Task statement
If a record contains an image, leave the image out and repeat everything else exactly.
::: Records for the task :::
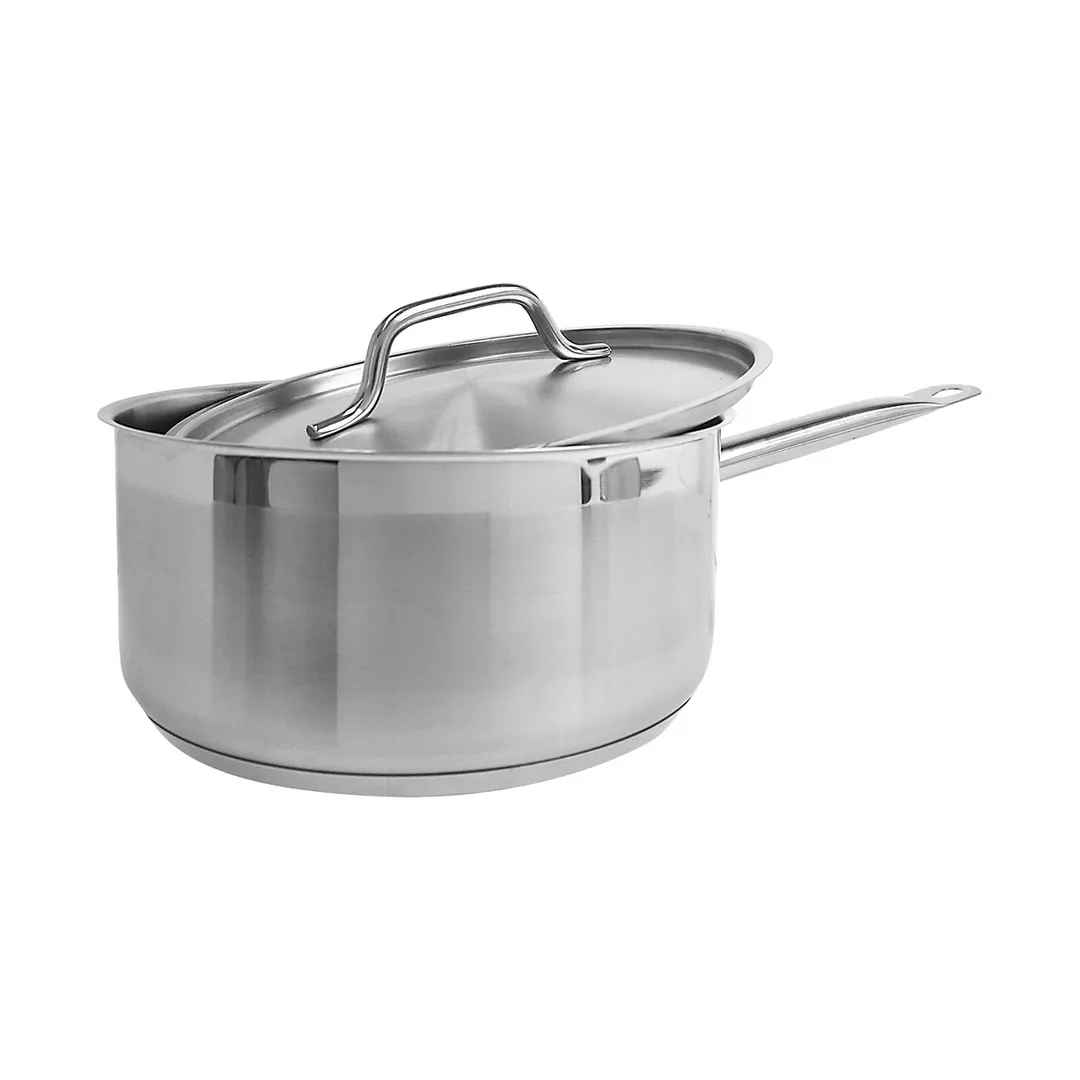 Thunder Group SLSSP4060 Sauce Pan, 6 Qt, 10" Dia. X 5-3/8" Height, 8-3/4" Welded Hollow Handle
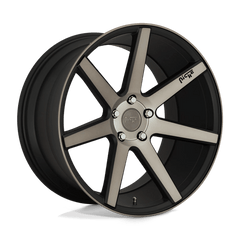 Niche 1PC 19x8 150 MATTE BLACK MACHINED +35mm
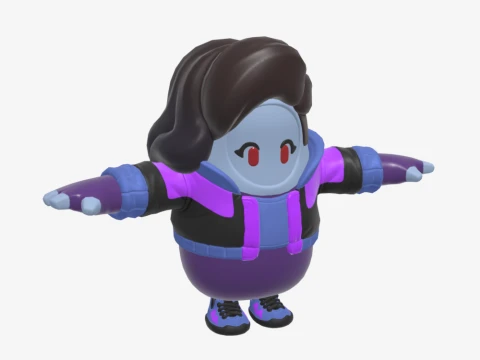Dark Ruby Fall Guy - Fortnite 3D Model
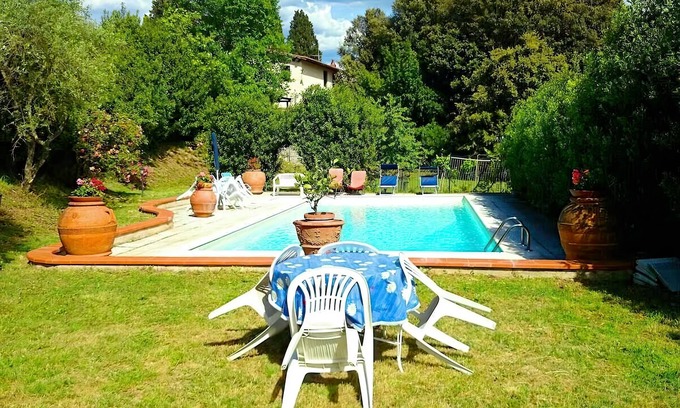 San Donato in Collina Villa | La Merlaia Beauty and Quietness with Pool on Hills of Florence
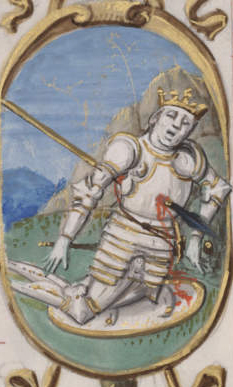 Representación de la muerte del rey Bermudo III de León por Alonso de Cartagena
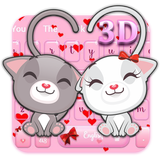 Joyful Posh Kitten Keyboard icon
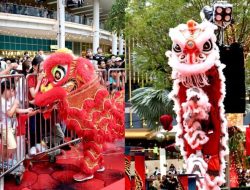 Meriahkan Imlek, 5 Lokasi di Jakarta Tampilkan Lion Dance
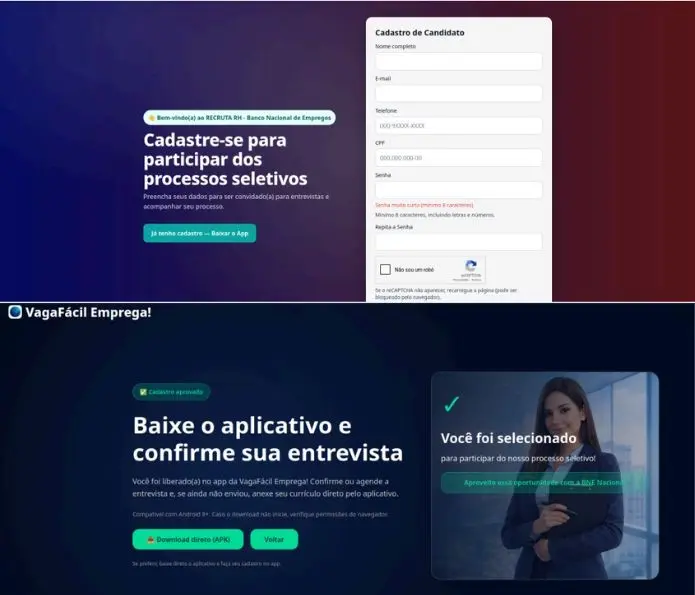 Golpe do emprego falso pode gerar dívida; veja como se proteger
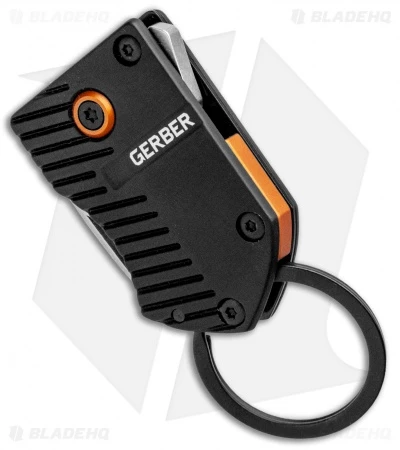 Gerber Key Note Compact Key Chain Knife Black Aluminum (1" Satin) 2 Gerber Key Note Compact Key Chain Knife Black Aluminum (1" Satin) - Image 2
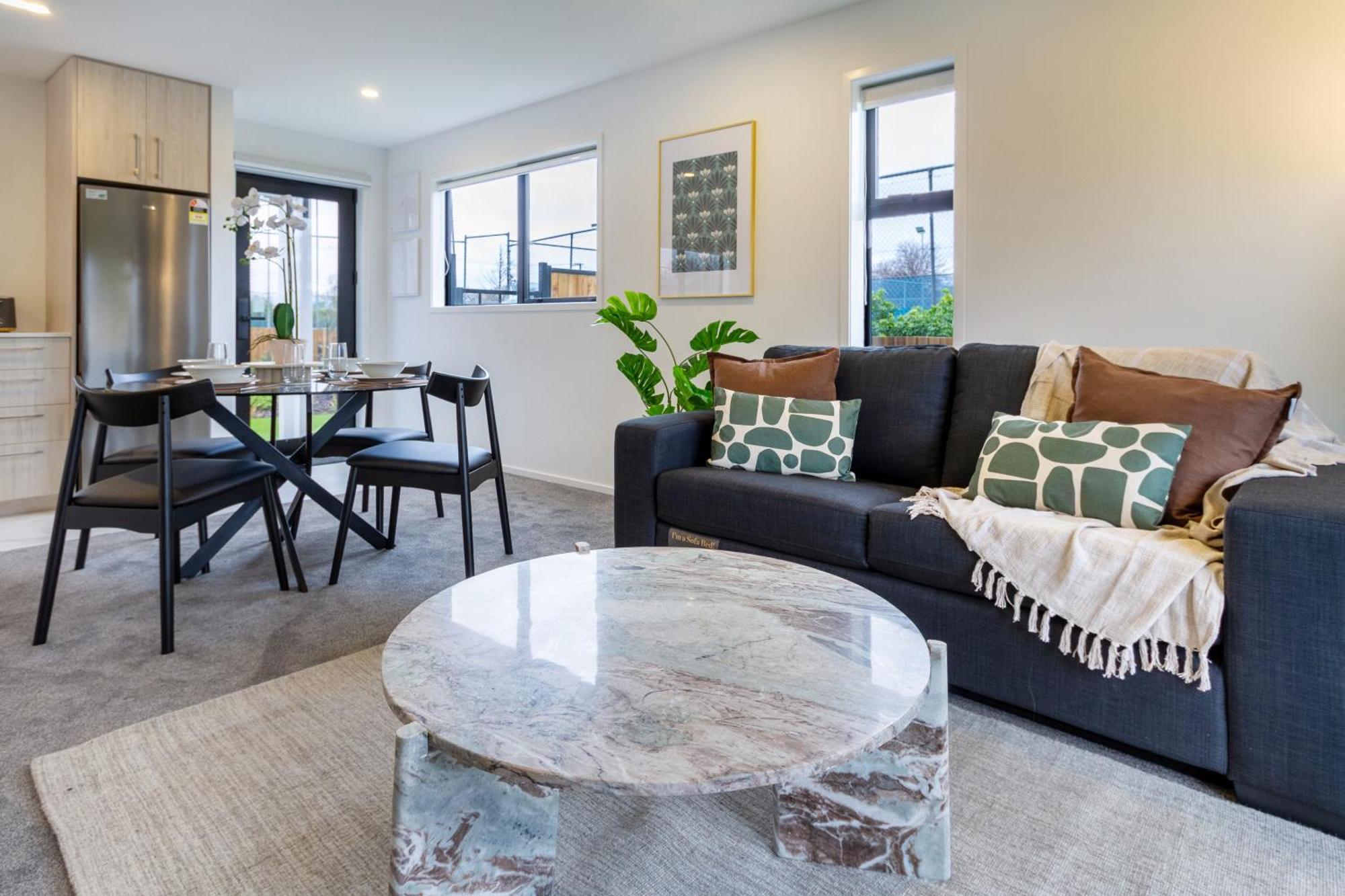 Serene Living 2 Bed With Carpark Christchurch Exterior foto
:::
Final answer
 Thunder Group SLSSP4060 Sauce Pan, 6 Qt, 10" Dia. X 5-3/8" Height, 8-3/4" Welded Hollow Handle
 Niche 1PC 19x8 150 MATTE BLACK MACHINED +35mm
Dark Ruby Fall Guy - Fortnite 3D Model
 San Donato in Collina Villa | La Merlaia Beauty and Quietness with Pool on Hills of Florence
 Representación de la muerte del rey Bermudo III de León por Alonso de Cartagena
 Joyful Posh Kitten Keyboard icon
 Meriahkan Imlek, 5 Lokasi di Jakarta Tampilkan Lion Dance
 Golpe do emprego falso pode gerar dívida; veja como se proteger
 Gerber Key Note Compact Key Chain Knife Black Aluminum (1" Satin) 2 Gerber Key Note Compact Key Chain Knife Black Aluminum (1" Satin) - Image 2
 Serene Living 2 Bed With Carpark Christchurch Exterior foto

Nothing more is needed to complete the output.